Linger

Wrapped up in my shawl, I peer out the window;
There is something cold and haunted about this place.
I examine the dark, empty hotel room,
Try not to shiver as shadows dance on the wall.
Only seven more weeks before we can leave,
Before my mom’s archaeology job ends.
Seven weeks till we leave for the next city–
A new school, new friends–a new life completely.
I find this such a terrifying hotel,
But I should enjoy this creepy place while I can.
I should learn to love this town for its oddness,
Reclusive old inhabitants and grand decay.
I look out at the City park and see you,
With your dark stormy eyes and mischievous smile.
I don’t even know what I’m doing right now,
As I run down the stairs, in hopes of meeting you.
Somehow I find the courage to say ‘hello’,
And for some strange reason you introduce yourself.

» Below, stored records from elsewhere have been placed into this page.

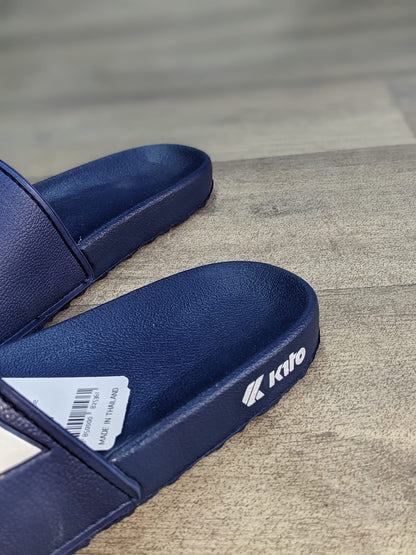 CLAQUETTE AH21M NAVY BLUE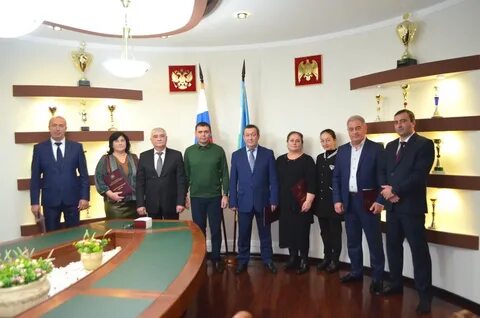 Налоговая нальчик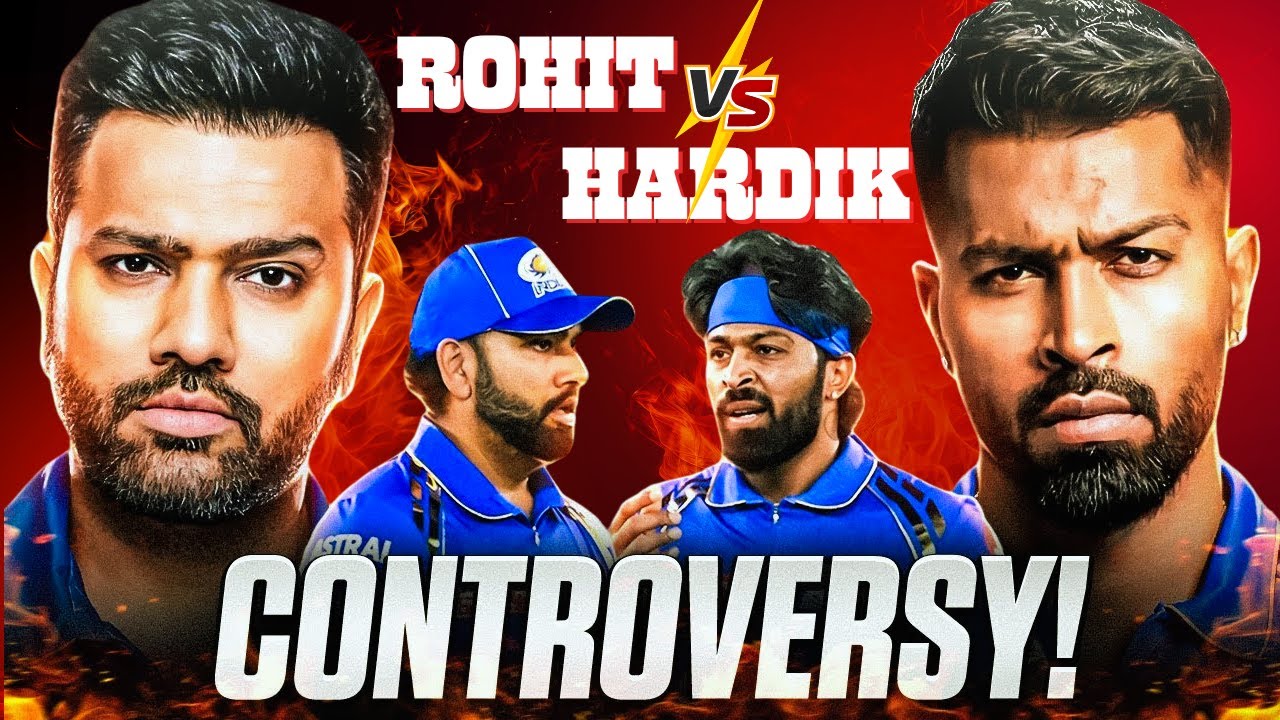 The Fallout of MI's Captaincy Controversy | Rohit vs Hardik | IPL 2024 Drama EXPLAINED!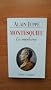 MONTESQUIEU LE MODERNE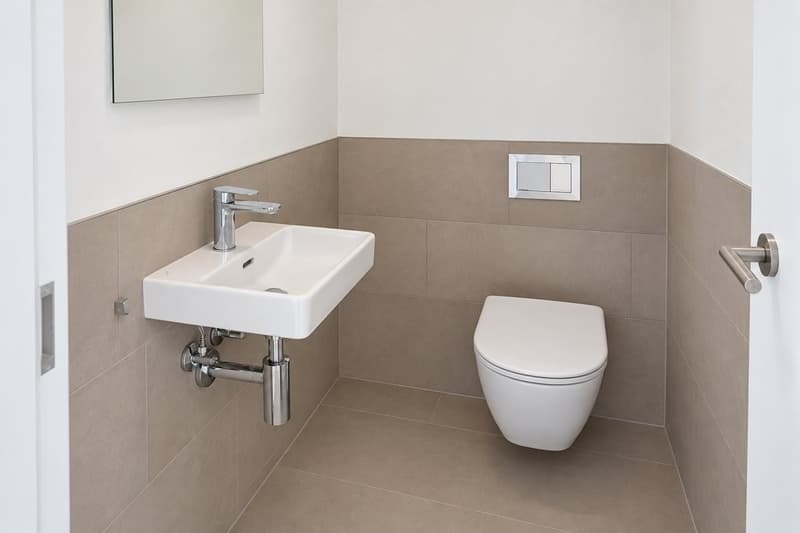 Toilette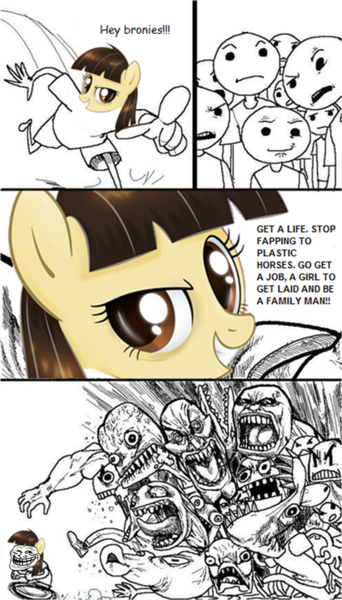 my little pony fapping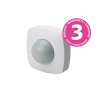 SENSOR P přítomnostní pohybové čidlo 360° - bílá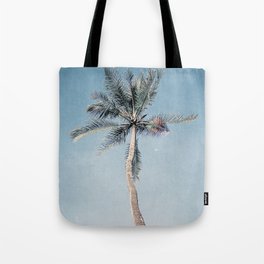 Palm Tree Tote Bag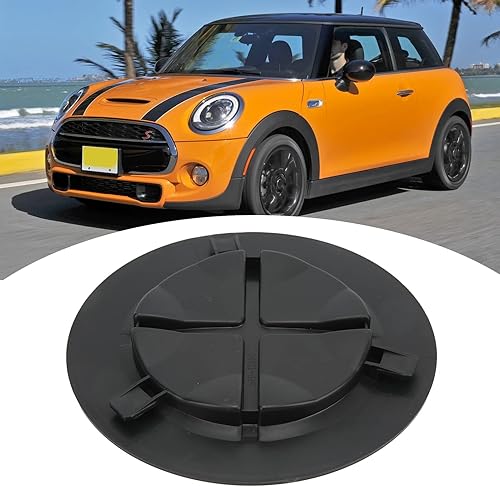 Miniatura 2 de Aramox Guardabarros delantero Cubierta de protección 51772751776 Guardabarros de arco de rueda para R55 R56 R57 R58 R59, cubierta de carcasa de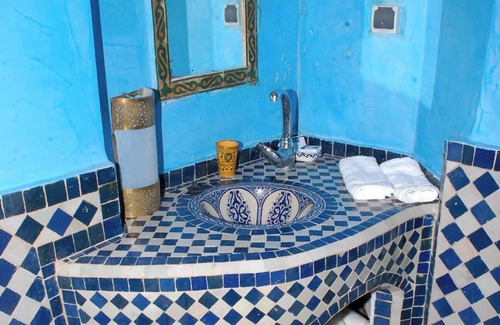 R'habet Zbib Casa | Riad le Patio de Fes - Sesame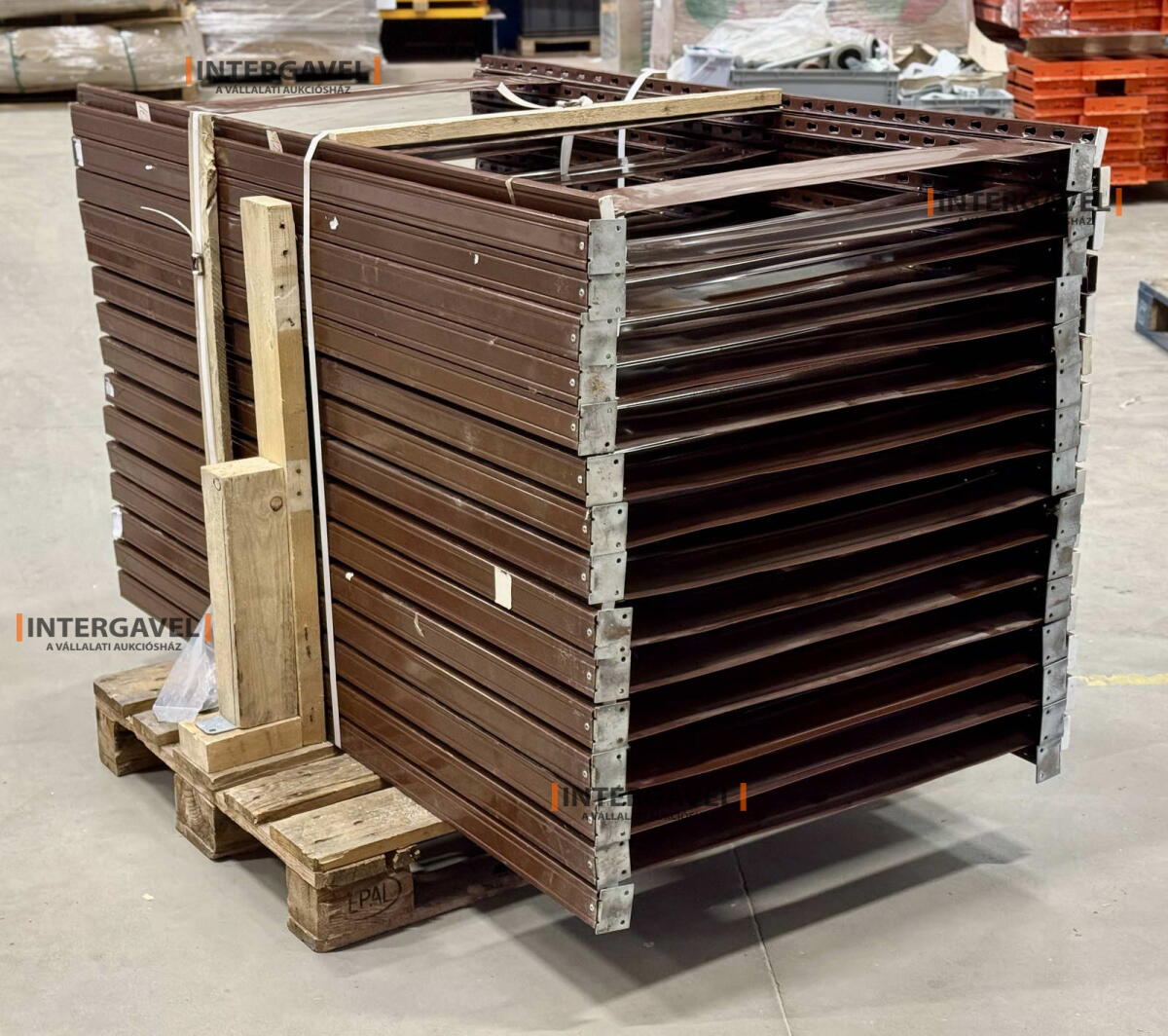 Polcos állvány - Apród 17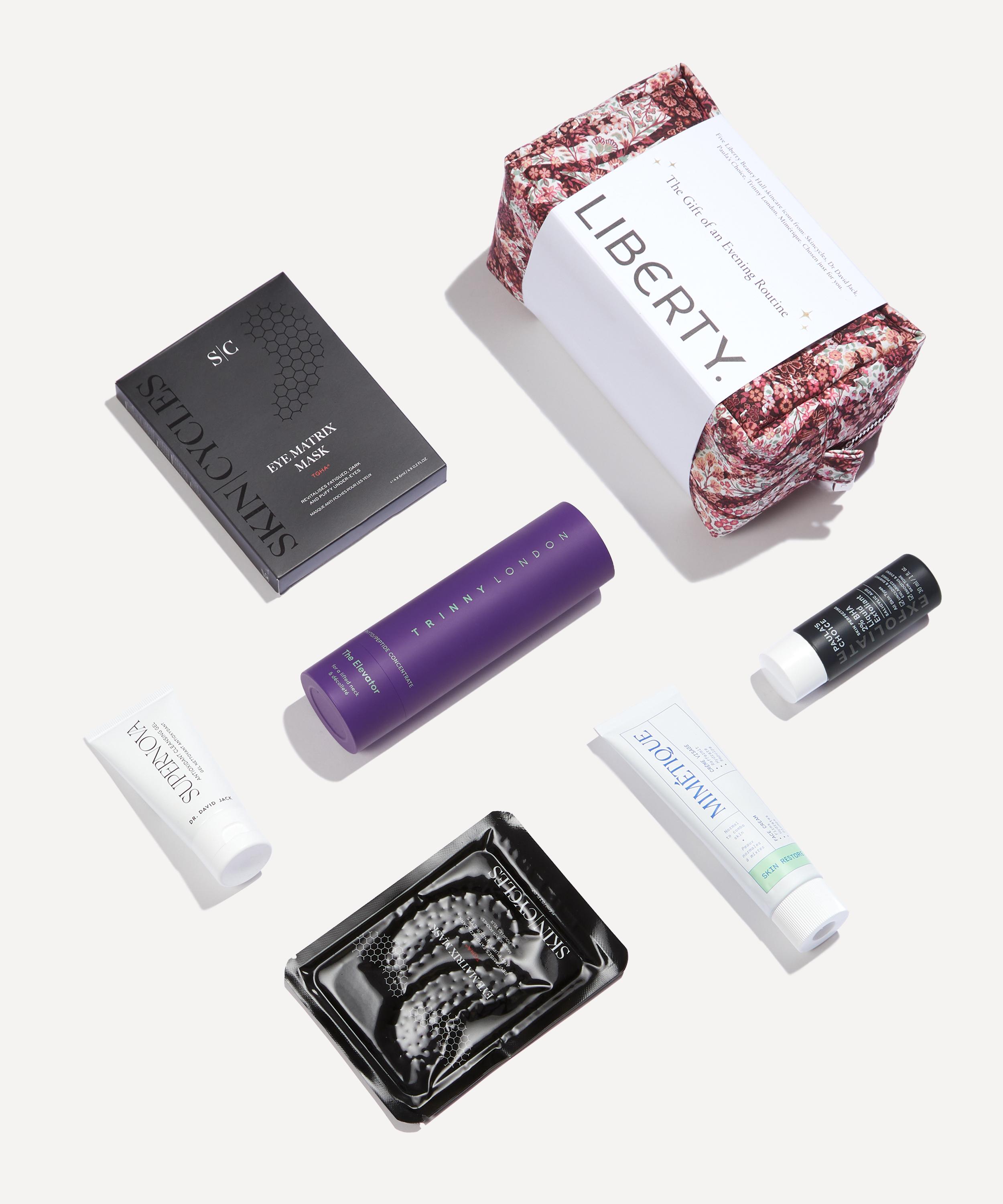 Liberty - The Gift of an Evening Routine Kit image number 0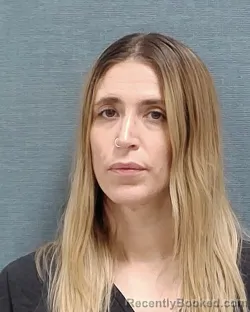 Mugshot of ROBERTA ALEXIS SATRANG booked in Stark County, Ohio on March 19, 2026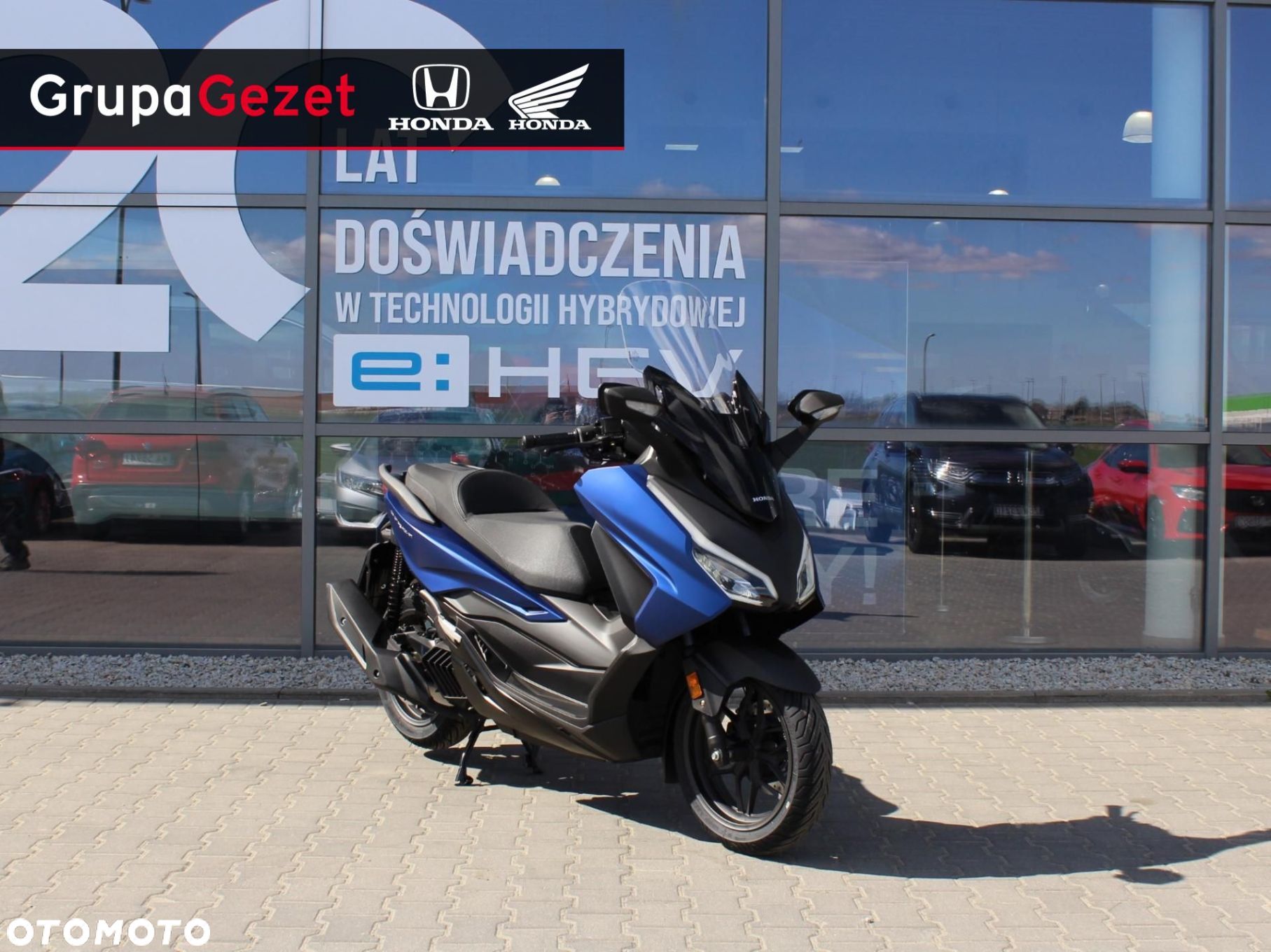 Honda NSS - 1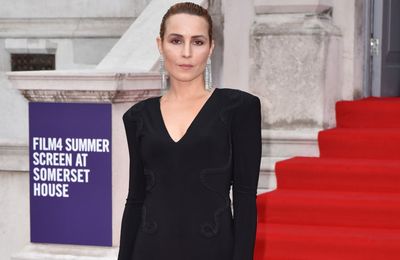 Noomi Rapace: Everyone thought I would be silent and grumpy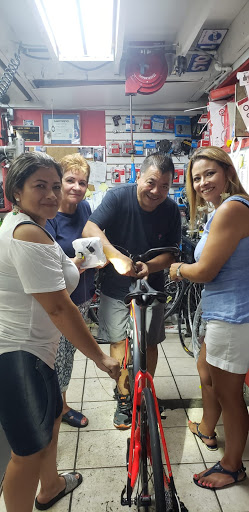 Bicycle Store «Bicycle Repair Man Corporation», reviews and photos, 40-21a 35th Ave, Astoria, NY 11101, USA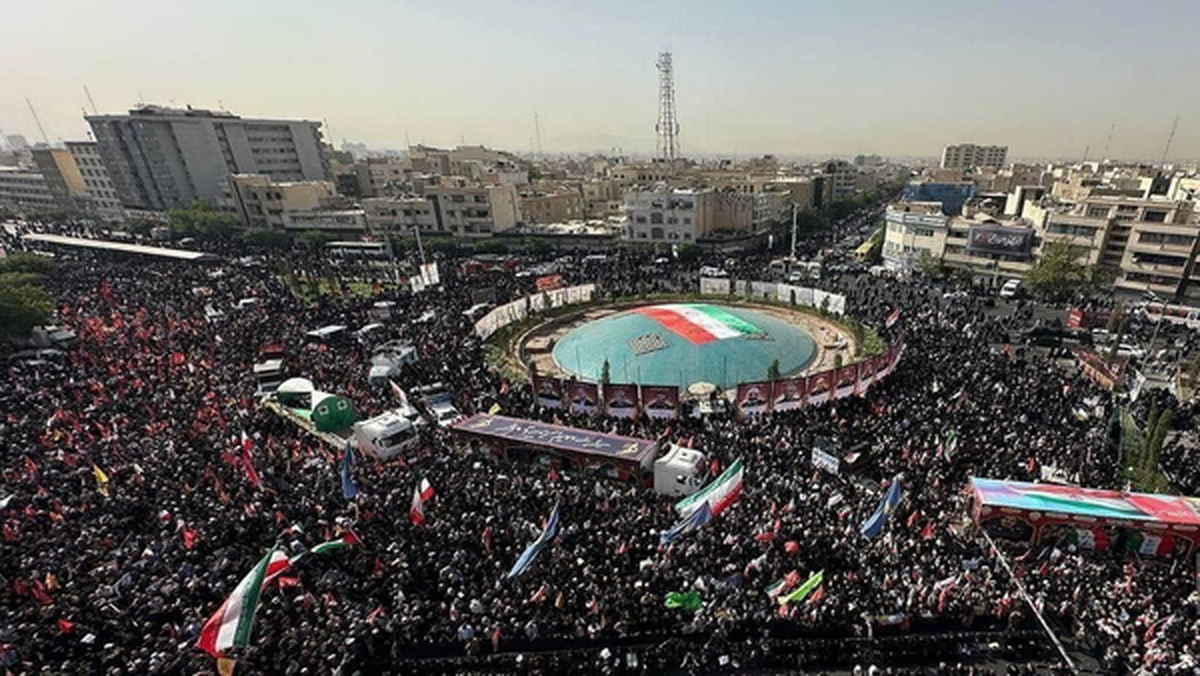 بزرگترین گنجینه جنگ ۱۲ روزه اتحاد مردم است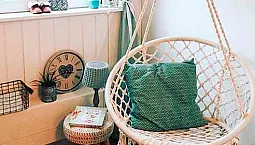 5 nhà sản xuất ghế treo hàng đầu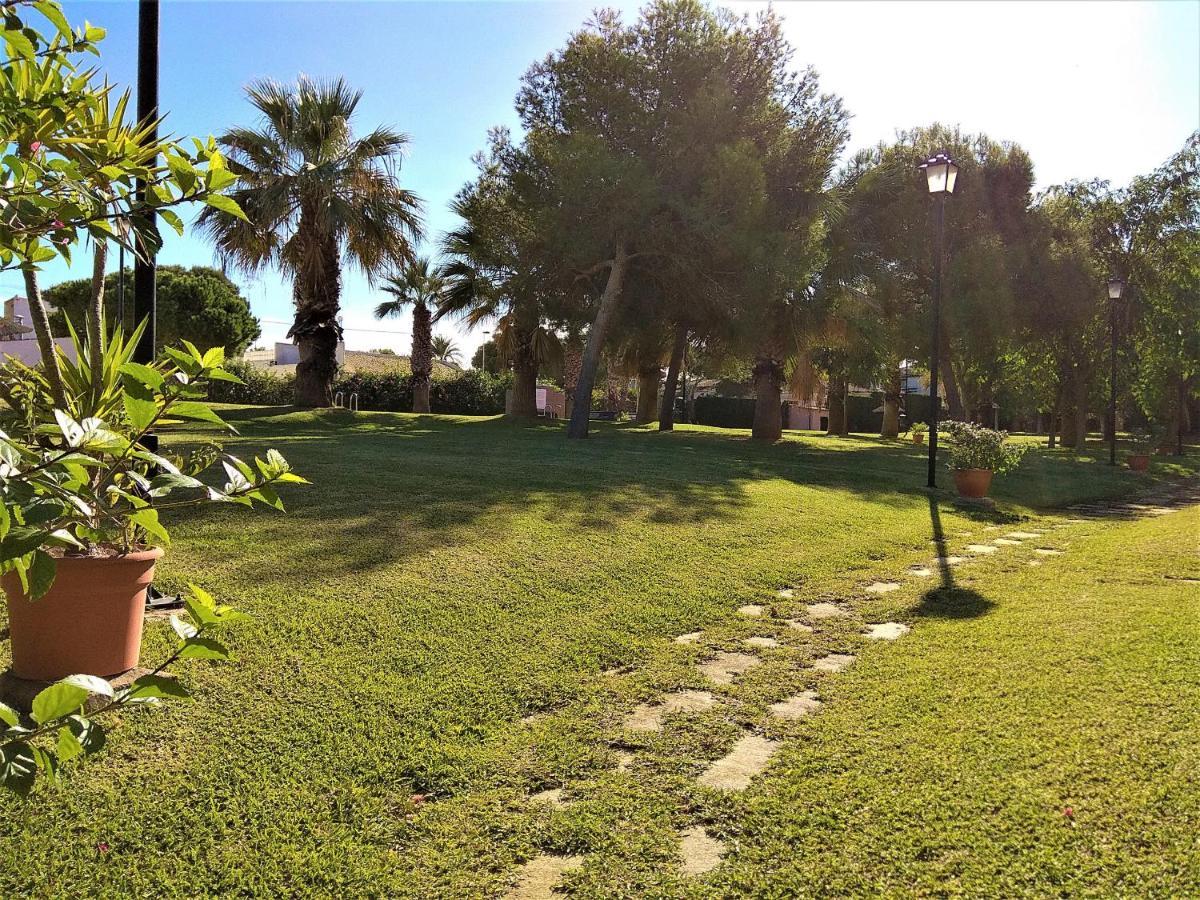 Spanish Connection - Hacienda la Zeneta Cabo de Palos Exterior foto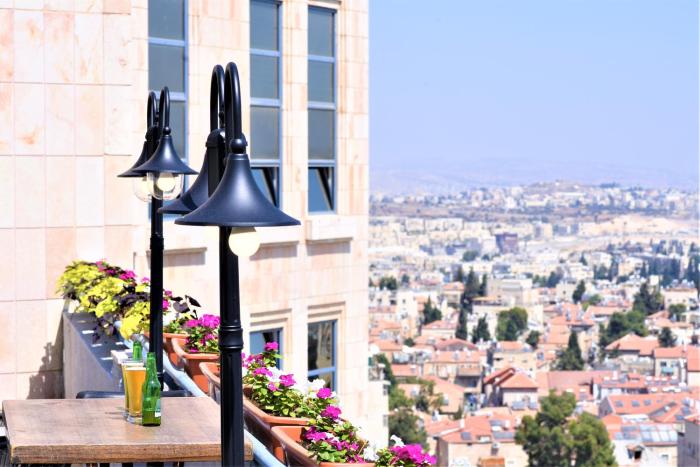 my jerusalem view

I don’t understand why you like me so much,
But I would rather enjoy it then question it.
There’s nothing I’d rather do than sit with you
In the back of your Chevy truck, wrapped in your arms.
You have extinguished my desire to leave,
And now I wish this season could last forever.
You peel back the layers of my character;
I swear you can see straight into my very soul.
I feel like I’ve known you for a thousand years,
Which makes the thought of leaving almost shattering.
I know I linger here longer than I should,
But when you look at me that way I can’t help it.
I have said goodbye so many times in life,
But saying it to you just seems impossible.
You have shown me so many wonderful things,
Opened my eyes to the true beauty of the world.
I’ve learned to love this town for its grand decay,
But mostly I love this old place because of you.